## Work item
For this exercise, copy the records below exactly and exclude every image.
——————
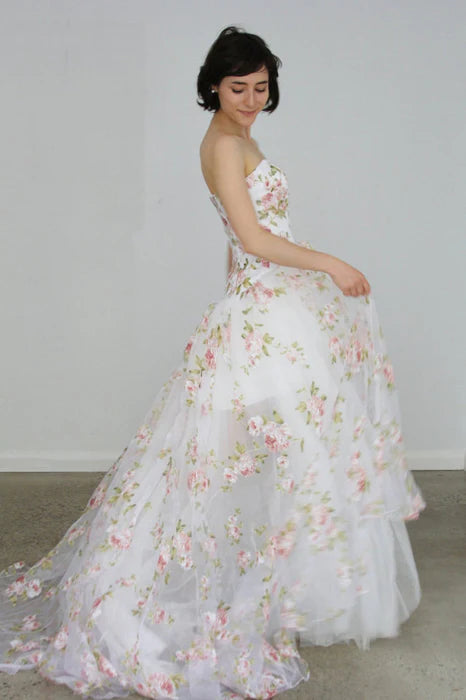Romantic Sweetheart Sleeveless Floral White High-Low Prom Dress
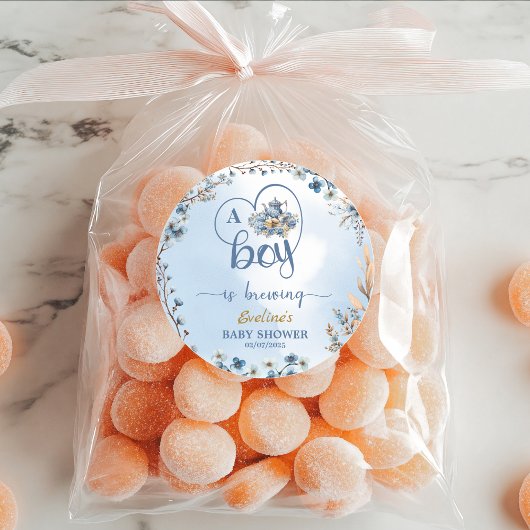 男の子が紅茶を醸造しているパーティー男の子のシャワー青 ラウンドシール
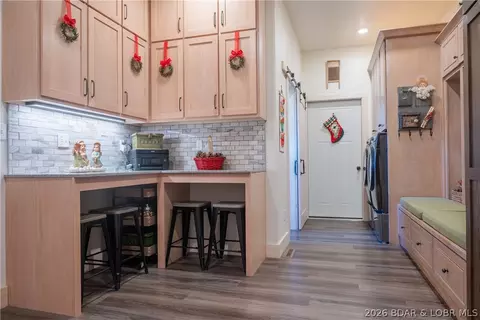 Entry Way - 367 Hwy Mm, Eldon, MO 65026 photo 2 of 2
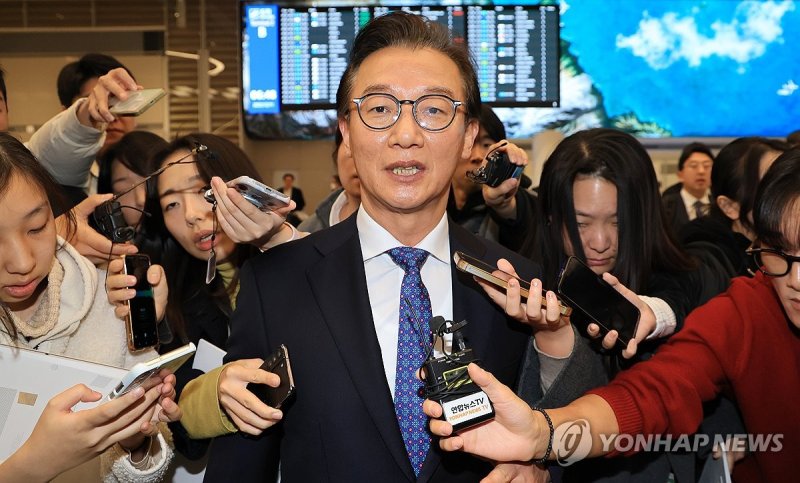 전재수 해양수산부 장관이 11일 인천공항에서 기자들의 질문에 답변하고 있다. 연합뉴스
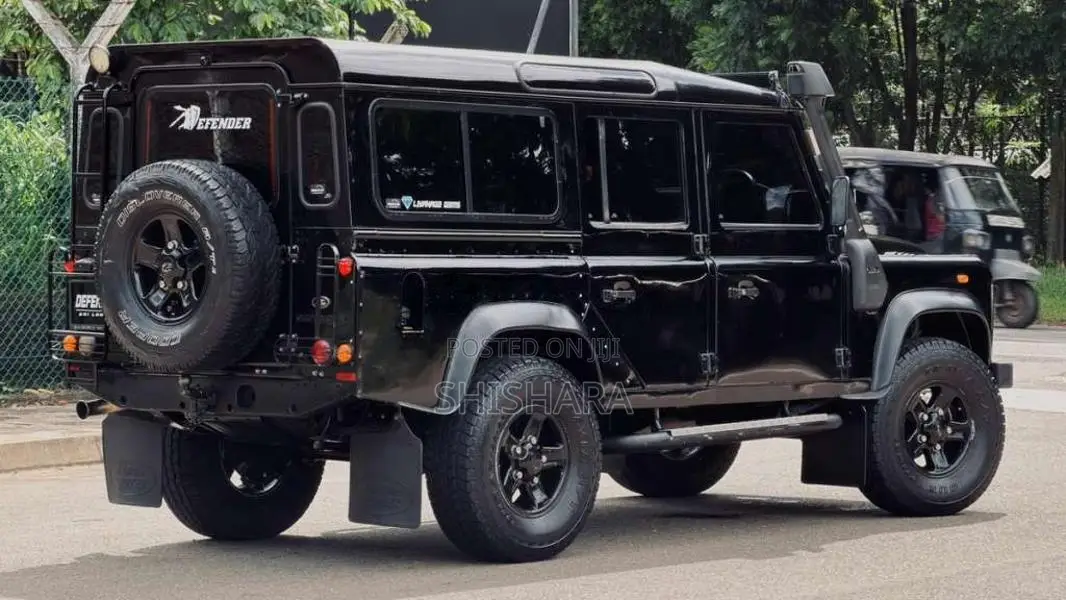 Land-Rover Defender 110 Puma 1985 SUV (Used)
——————
## Output for this task
Romantic Sweetheart Sleeveless Floral White High-Low Prom Dress
 男の子が紅茶を醸造しているパーティー男の子のシャワー青 ラウンドシール
 Entry Way - 367 Hwy Mm, Eldon, MO 65026 photo 2 of 2
 전재수 해양수산부 장관이 11일 인천공항에서 기자들의 질문에 답변하고 있다. 연합뉴스
 Land-Rover Defender 110 Puma 1985 SUV (Used)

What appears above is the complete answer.